Download or read book OECD Reviews on Local Job Creation Employment and Skills Strategies in Korea written by OECD and published by OECD Publishing. This book was released on 2014-10-15 with total page 84 pages. Available in PDF, EPUB and Kindle. Book excerpt: This book examines the contribution of local labour market policy to boosting quality employment and enhancing productivity in Korea. It focuses on the Bucheon and Busan regions.
Download or read book The Economics of Place written by Colleen Layton and published by The Economics of Place. This book was released on 2011 with total page 93 pages. Available in PDF, EPUB and Kindle. Book excerpt:
Download or read book Labor Markets Employment Policy And Job Creation written by Lewis C. Solmon and published by Routledge. This book was released on 2019-03-07 with total page 370 pages. Available in PDF, EPUB and Kindle. Book excerpt: This clear, accessible volume provides a comprehensive overview of the ongoing debate over the determining factors of and key influences on employment growth and labor market training, education, and related policies in the United States. Drawing on the work of distinguished labor economists, the chapters tackle questions posed by job and skill demands in the "new high-tech economy" and explore sources of employment growth; productivity growth and its implications for future employment; government mandates, labor costs, and employment; and labor force demographics, income inequality, and returns to human capital.

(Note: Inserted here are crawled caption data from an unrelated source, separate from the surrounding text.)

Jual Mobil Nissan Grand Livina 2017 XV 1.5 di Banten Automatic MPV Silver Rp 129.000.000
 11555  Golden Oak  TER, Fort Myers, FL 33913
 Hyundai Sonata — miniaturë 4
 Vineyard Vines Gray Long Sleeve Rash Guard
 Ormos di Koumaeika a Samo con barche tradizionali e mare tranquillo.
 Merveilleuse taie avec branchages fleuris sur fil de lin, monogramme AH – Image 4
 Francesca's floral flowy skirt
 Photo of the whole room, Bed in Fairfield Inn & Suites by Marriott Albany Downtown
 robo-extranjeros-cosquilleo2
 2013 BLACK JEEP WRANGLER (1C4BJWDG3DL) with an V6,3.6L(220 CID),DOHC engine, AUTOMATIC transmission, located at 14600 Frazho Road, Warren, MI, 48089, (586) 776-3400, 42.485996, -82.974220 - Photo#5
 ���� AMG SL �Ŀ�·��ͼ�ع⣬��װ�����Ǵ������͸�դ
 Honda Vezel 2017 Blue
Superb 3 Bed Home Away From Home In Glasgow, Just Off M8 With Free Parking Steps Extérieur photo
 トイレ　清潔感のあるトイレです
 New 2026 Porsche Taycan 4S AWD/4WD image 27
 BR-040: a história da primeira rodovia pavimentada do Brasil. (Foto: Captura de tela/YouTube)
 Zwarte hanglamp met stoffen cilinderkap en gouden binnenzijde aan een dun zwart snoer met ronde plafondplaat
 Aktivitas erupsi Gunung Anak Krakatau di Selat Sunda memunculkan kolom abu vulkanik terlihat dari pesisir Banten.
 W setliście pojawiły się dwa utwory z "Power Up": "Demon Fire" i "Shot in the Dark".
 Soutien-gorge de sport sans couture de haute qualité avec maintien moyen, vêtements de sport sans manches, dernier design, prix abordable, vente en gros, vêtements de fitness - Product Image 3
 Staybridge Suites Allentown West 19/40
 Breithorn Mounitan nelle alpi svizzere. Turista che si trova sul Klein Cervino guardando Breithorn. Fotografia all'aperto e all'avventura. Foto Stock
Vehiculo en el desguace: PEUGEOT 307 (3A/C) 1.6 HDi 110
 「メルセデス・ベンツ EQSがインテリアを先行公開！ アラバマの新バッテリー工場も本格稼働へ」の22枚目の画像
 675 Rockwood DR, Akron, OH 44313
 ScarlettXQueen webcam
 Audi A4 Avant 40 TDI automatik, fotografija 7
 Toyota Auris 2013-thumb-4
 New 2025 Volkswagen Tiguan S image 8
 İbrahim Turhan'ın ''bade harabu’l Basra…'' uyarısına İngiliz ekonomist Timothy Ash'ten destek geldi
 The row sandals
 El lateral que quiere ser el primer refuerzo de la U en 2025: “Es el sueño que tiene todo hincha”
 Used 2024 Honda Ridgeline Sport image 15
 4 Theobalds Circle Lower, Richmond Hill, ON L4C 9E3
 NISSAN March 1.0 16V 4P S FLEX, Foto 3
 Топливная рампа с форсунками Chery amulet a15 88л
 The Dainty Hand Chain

These topics are central concerns for government, which must judge every prospective policy proposal by its effects on employment growth. Washington keeps at least one eye firmly on the jobs picture, and public officials at every level are constantly aware of the issues surrounding American job security. The jobs issue reaches beyond this focus on the unemployment rate and on total employment, including the rate at which employment is seen as growing, the growth of real wages, the security of employment, returns to human capital, uncertainty about the education and training best suited for a world of rapidly changing economic conditions, and the distribution of the gains from growth across economic classes and population groups.
Download or read book OECD Reviews on Local Job Creation Employment and Skills Strategies in Sweden written by OECD and published by OECD Publishing. This book was released on 2015-06-08 with total page 79 pages. Available in PDF, EPUB and Kindle. Book excerpt: This report delivers evidence-based and practical recommendations on how to better support employment and economic development in Sweden.